Why not multiprocessing?

multiprocessing and mirai actually achieve different things and actually have very little overlap. Whereas mirai is designed to speed up IO-bound code, whereas multiprocessing is designed to speed up CPU-bound code. If the latter sounds more like what you’re looking for, mirai cannot help you! as it still bound by the GIL. Instead, you should take a look at multiprocessing, celery, or joblib.

Why not gevent?

gevent replaces Python’s default threads with “greenlets” managed by libev.
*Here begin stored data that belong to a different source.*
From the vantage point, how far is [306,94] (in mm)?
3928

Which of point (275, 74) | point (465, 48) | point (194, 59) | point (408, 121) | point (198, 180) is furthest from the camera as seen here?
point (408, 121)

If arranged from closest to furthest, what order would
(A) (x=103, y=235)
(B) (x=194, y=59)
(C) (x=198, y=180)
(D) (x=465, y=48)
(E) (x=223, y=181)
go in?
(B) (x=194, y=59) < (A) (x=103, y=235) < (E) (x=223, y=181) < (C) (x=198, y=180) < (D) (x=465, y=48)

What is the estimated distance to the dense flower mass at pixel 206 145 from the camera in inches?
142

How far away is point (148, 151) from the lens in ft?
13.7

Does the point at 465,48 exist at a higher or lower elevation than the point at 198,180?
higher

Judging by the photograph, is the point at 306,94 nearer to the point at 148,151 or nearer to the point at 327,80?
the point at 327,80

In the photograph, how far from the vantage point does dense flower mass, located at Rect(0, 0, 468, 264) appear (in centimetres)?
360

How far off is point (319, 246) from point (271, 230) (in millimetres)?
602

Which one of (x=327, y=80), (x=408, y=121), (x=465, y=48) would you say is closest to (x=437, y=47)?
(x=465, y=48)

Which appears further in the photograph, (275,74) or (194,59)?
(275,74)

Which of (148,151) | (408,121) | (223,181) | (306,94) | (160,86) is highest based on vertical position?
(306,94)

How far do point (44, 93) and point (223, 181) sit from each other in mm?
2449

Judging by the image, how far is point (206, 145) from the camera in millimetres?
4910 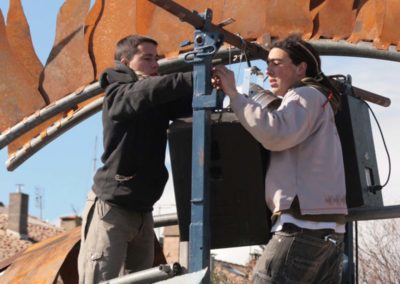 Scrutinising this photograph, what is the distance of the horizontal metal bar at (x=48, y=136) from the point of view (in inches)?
344

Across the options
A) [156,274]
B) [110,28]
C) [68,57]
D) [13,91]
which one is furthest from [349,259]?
[13,91]

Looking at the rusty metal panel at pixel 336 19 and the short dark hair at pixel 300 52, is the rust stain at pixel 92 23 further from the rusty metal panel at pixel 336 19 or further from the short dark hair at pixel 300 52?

The value in using gevent is that one can generate thousands of greenlets and still maintain a performant asynchronous system. Used directly, gevent is not dissimilar from concurrent.futures, but does require more work to compose results. The following 28 lines of code illustrate.

 1
 2
 3
 4
 5
 6
 7
 8
 9
10
11
12
13
14
15
16
17
18
19
20
21
22
23
24
25
26
27
28
from gevent.monkey import patch_all; patch_all()

import gevent
import time

import requests


def fetch_sync(url):
    start    = time.time()
    try:
      response = requests.get(url)
      response.raise_for_status()
      return (time.time() - start, url)
    except Exception as e:
      return (float('inf'), url)


def fetch_times(urls, timeout):
  threads  = [gevent.spawn(fetch_sync, url) for url in urls]
  gevent.joinall(threads, timeout=timeout)
  results = []
  for (url, thread) in zip(urls, threads):
    try:
      results.append( thread.get(timeout=0) )
    except gevent.Timeout:
      results.append( (float('inf'), url) )
  return sorted(results)

“But gevent uses libev, which is way more scalable than any of the other alternatives, including mirai!” you might say, but fear not – mirai (and threading and concurrent.futures) can use greenlets by monkey patching the standard library at the start of your code. Simply put the following line at the top of your main script, before any other import statements,

from gevent.monkey import patch_all; patch_all()

Now mirai has all the performance benefits of greenlets!